When all remaining skills have been executed:
- Announce: "Pipeline complete. Your course has been through all 8 stages."
- Confirm the pipeline report path: "Aggregate report at `.idstack/reports/pipeline.md` — read this for the cross-cutting view; the per-skill reports under `.idstack/reports/` carry the full detail."
- If `/course-quality-review` produced a score, show it.
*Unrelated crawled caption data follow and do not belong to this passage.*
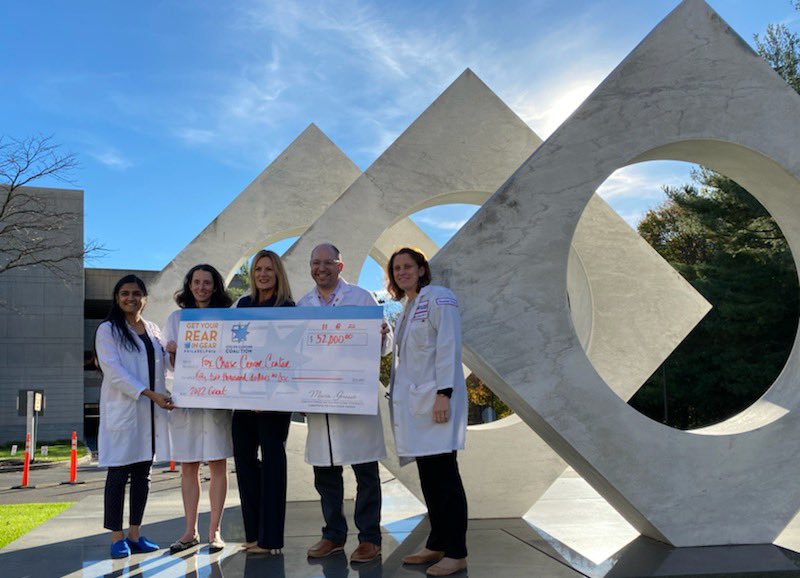 Jeffrey Farma (@jeffreyfarma) on Twitter photo 🙏<a href="/GYRIGPhilly/">Get Your Rear in Gear Philadelphia</a> for supporting our new #colorectal clinical trial <a href="/FoxChaseCancer/">Fox Chase Cancer Center</a> <a href="/TempleMedNews/">Temple Health News</a> <a href="/ColonCancerCoal/">Colon Cancer Coalition</a> <a href="/efratdotan/">Efrat Dotan MD</a> <a href="/NCCN/">National Comprehensive Cancer Network (NCCN)</a> <a href="/ASCO/">ASCO</a> <a href="/SocSurgOnc/">Society of Surgical Oncology</a> <a href="/AmColSurgCancer/">ACS Cancer Programs</a> 🙏<a href="/GYRIGPhilly/">Get Your Rear in Gear Philadelphia</a> for supporting our new #colorectal clinical trial <a href="/FoxChaseCancer/">Fox Chase Cancer Center</a> <a href="/TempleMedNews/">Temple Health News</a> <a href="/ColonCancerCoal/">Colon Cancer Coalition</a> <a href="/efratdotan/">Efrat Dotan MD</a> <a href="/NCCN/">National Comprehensive Cancer Network (NCCN)</a> <a href="/ASCO/">ASCO</a> <a href="/SocSurgOnc/">Society of Surgical Oncology</a> <a href="/AmColSurgCancer/">ACS Cancer Programs</a>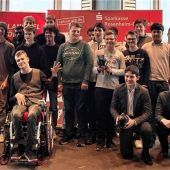 Wenn Schüler die besten Sparkassen-Mitarbeiter schlagen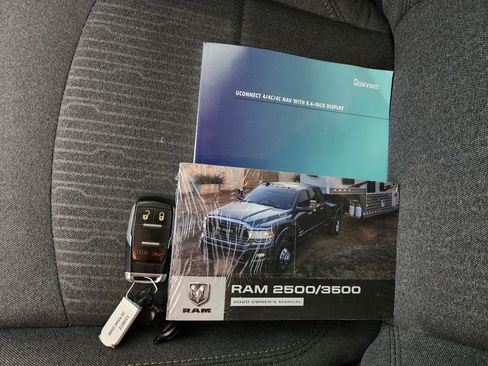 Used 2020 RAM 3500 Big Horn w/ Level 1 Equipment Group image 49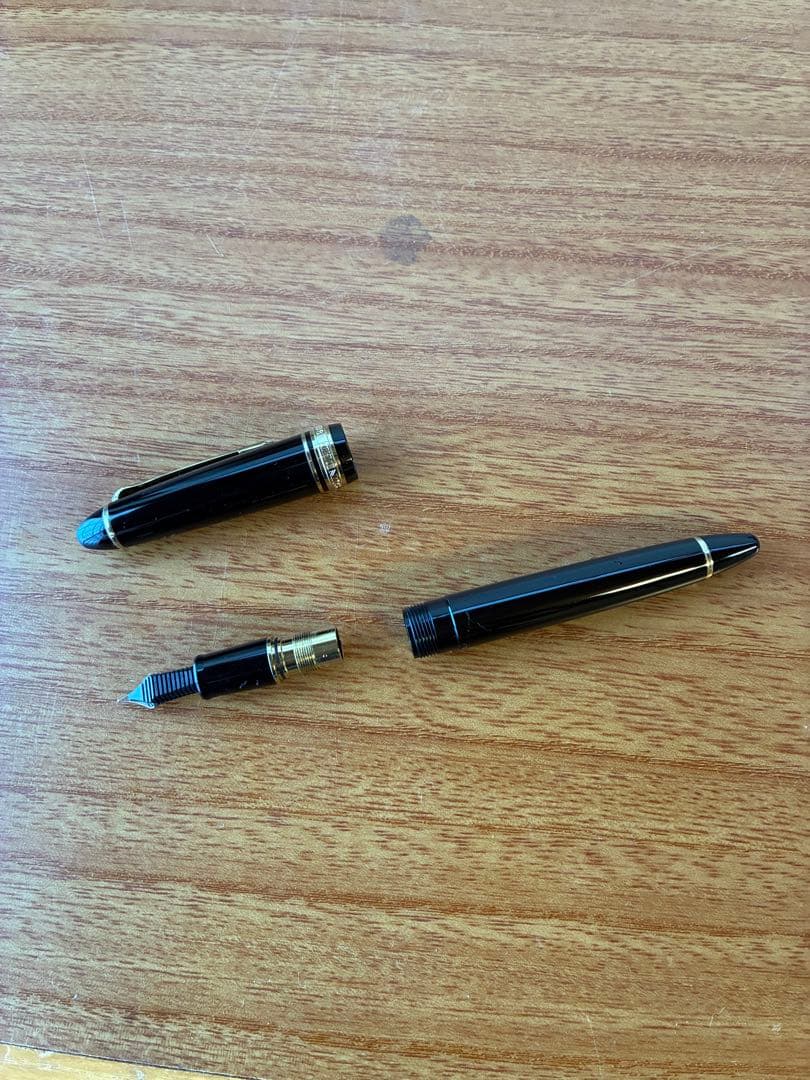 【美品】万年筆 SAILOR プロフィットスタンダード21 中細(MF) 黒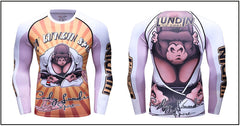 Gorilla Compression 'Zen' Elite Long Sleeve Rashguard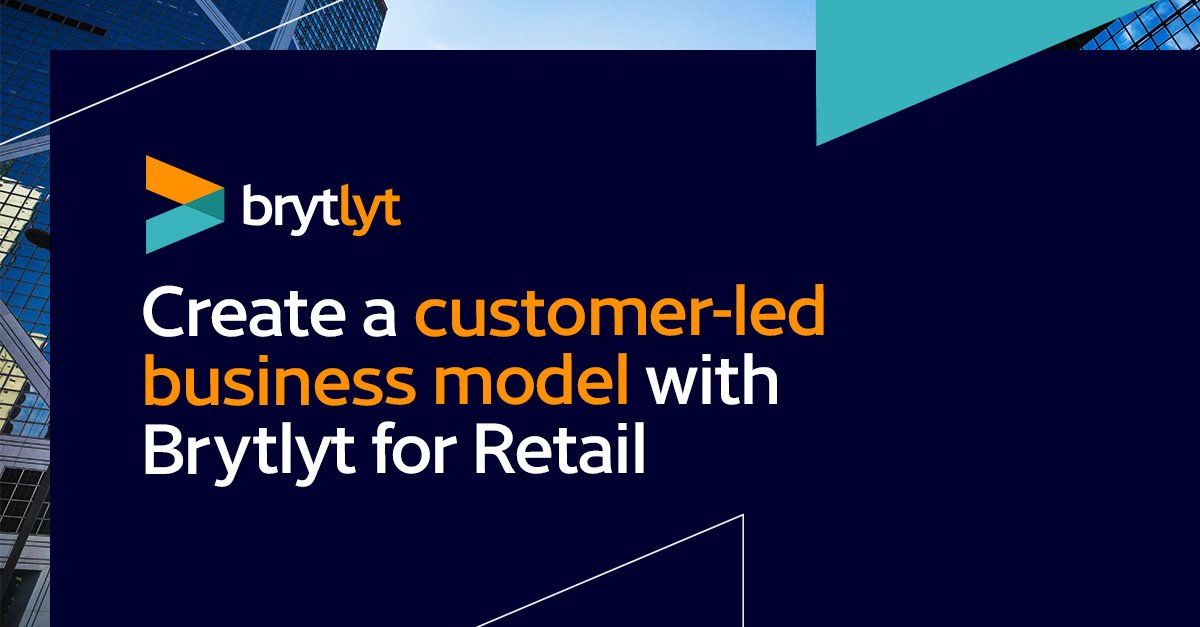 #Retailers need to understand their #customers at a deeper level to keep up with #consumer needs. 

Enter Brytlyt. 

Providing real-time #data analysis of trends and individual behaviours, retailers can gain the right #insights to respond. 

More -&gt; hubs.la/H0_Y1Sg0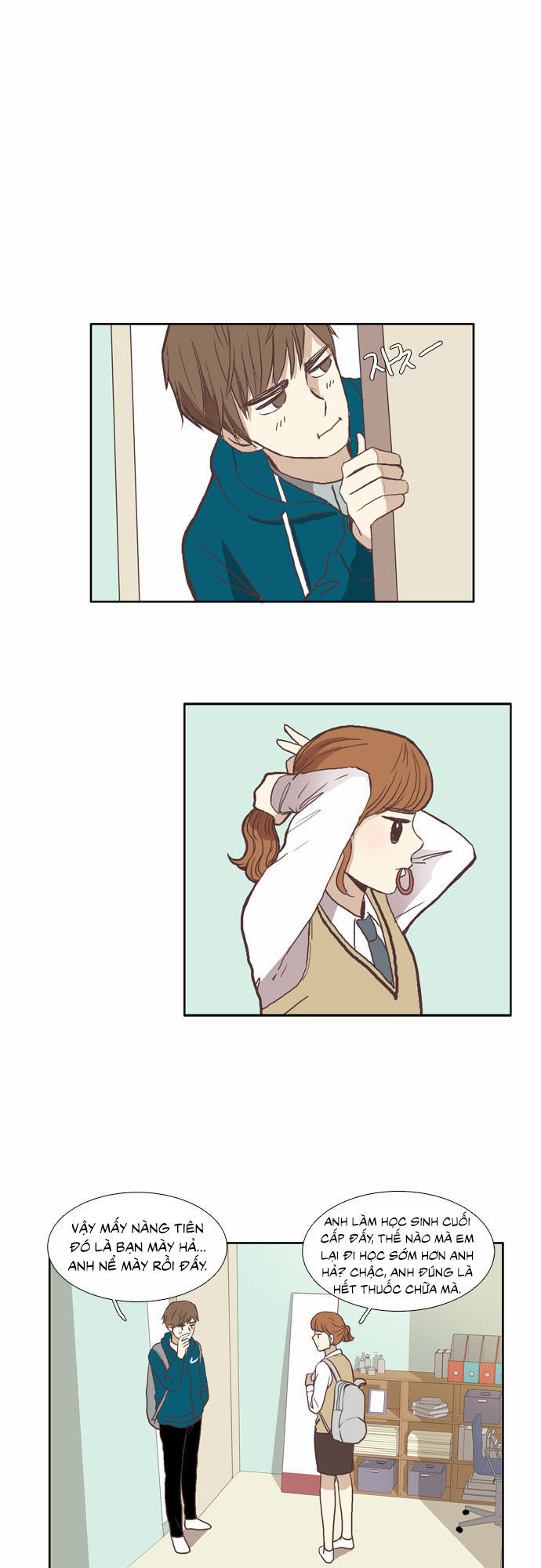 thế giới con gái chapter 47 11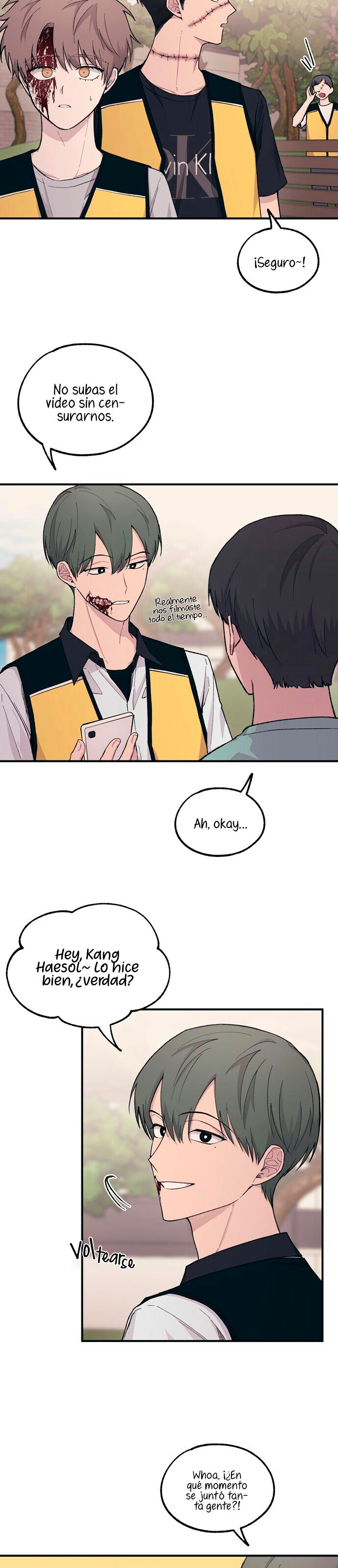 Read La Inocencia de Yeonwoo ES Manga Online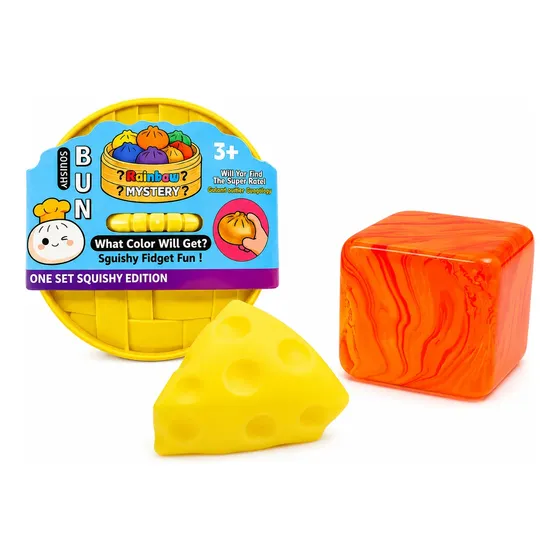 Cubo gel marmoleado
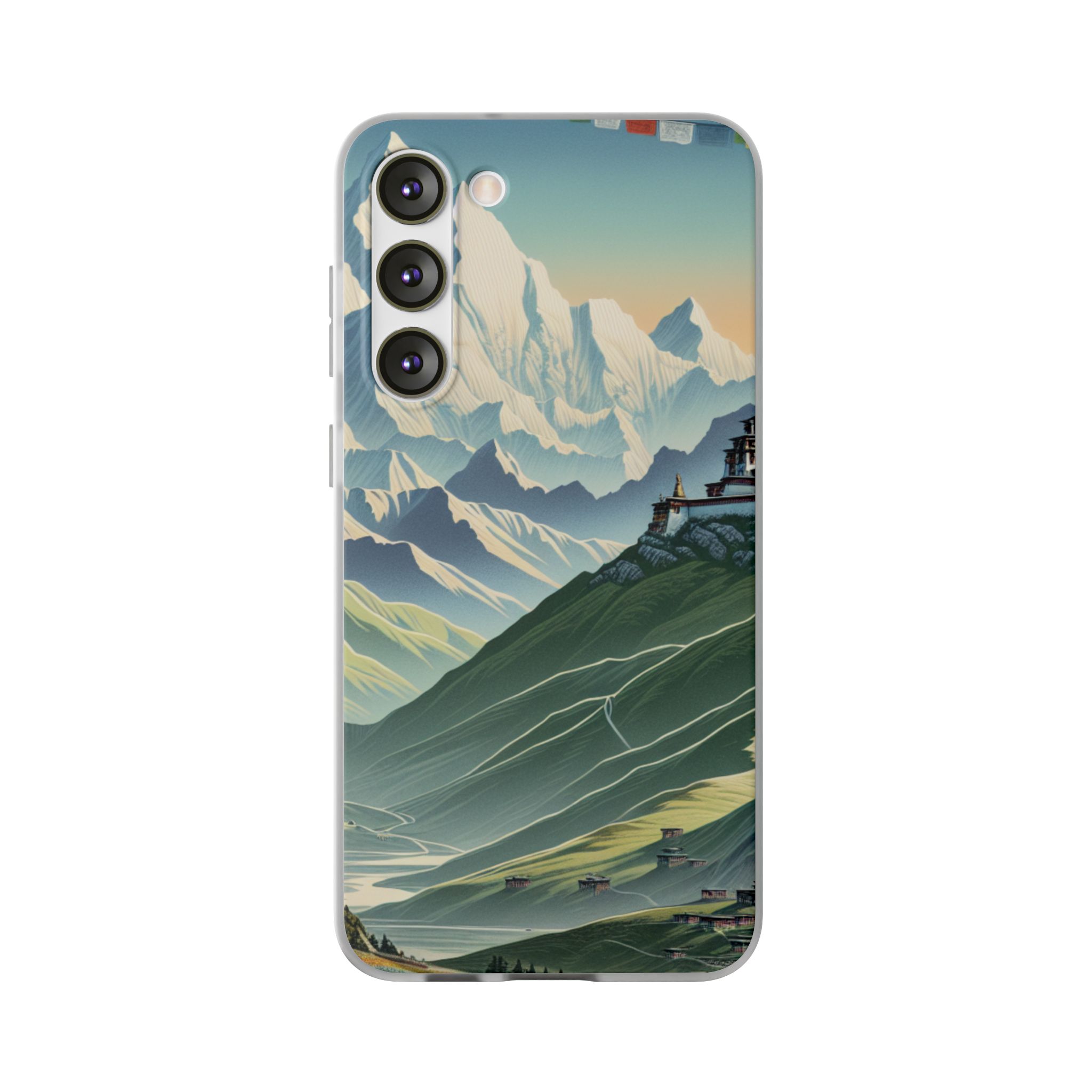 Snow Peak Adventure Trendy Resistant Flexi Phone Back Case - Image 3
- Remind the user they can re-run any skill individually if needed, and that re-running `/idstack:pipeline` regenerates the aggregate report.

## Important Rules

- **One skill at a time.** Never run skills in parallel. Each skill needs the
  output of the previous one.
- **Don't interfere.** When a skill is running, let it drive. Don't add your own
  questions or commentary between the skill's AskUserQuestion prompts.
- **Respect the user.** If at any point the user says "stop", "pause", or "that's
  enough for now", stop the pipeline gracefully. Their progress is saved in
  timeline.jsonl and they can resume later with `/idstack pipeline`.
- **No quality gate yet.** In v2.0, skip logic is purely completion-based. Quality-gated
  skipping (only skip if score > threshold) is planned for a future version.